Only a number is wanted here: the count of lines in the entries below that include the word "Jeans".

MATERIAL FOR THIS EXERCISE:
====

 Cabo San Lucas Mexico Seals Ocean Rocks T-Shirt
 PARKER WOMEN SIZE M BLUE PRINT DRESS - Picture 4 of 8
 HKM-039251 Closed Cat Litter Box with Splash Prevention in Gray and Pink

====

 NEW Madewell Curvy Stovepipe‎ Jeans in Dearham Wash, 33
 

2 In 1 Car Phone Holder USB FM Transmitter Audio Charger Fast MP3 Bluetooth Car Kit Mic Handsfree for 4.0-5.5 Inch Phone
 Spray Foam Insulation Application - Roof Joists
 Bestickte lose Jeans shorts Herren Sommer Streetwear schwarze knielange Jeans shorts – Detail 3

====

RESPONSE BOX:
2